Here is how the script is set up. If you use it – change out “data” with your dataframe, and “rows” with the variable name you want to use, and “columnvariable” for the variable to use for the columns. How this works is
#Libraries Required
library(dplyr)
library(pander) #Optional if you want the last line to run
pivot <- data %>% group_by(rows) %>% summarise(n=n()) #Data is grouped to create the row titles you want
#Start summarizing by the rows
columns <- unique(columnvariable) #The unique values of the column variable are stored for use in the loop.
#Now, loop through the column variable to create summaries.
#Change the summarise function as desired.
for (i in seq_along(row_category)) {
temp <- data %>% group_by(row) %>% filter(column==columns[i]) %>% summarise(summary=n())

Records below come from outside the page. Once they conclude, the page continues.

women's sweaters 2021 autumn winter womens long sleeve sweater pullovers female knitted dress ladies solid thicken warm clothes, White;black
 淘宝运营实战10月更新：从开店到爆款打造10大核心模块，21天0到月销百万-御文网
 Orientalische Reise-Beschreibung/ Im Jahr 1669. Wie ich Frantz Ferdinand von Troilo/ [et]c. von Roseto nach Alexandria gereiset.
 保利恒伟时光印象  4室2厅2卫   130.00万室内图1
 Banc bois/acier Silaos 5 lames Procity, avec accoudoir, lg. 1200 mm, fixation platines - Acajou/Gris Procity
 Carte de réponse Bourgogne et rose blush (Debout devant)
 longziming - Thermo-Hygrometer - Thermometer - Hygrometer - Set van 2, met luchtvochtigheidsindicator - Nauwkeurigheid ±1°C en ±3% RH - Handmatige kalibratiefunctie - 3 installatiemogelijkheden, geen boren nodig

names(temp)[names(temp)=="summary"] <- columns[i] #Renames the summarized column with the particular column name to use in join.
pivot <- full_join(pivot, temp, by="row") #Adds the results for each analysis to make the new table.
}
rm("temp") #Delete the temp file for creating summary
#Be fancy and create markdown table result for a nice report!
pandoc.table(pivot, style="rmarkdown")
You can also add more summary functions to the loop, just remember to adjust the renaming step to address the additional summary columns. The last line in this script makes a table that can be used in Markdown or RMarkdown.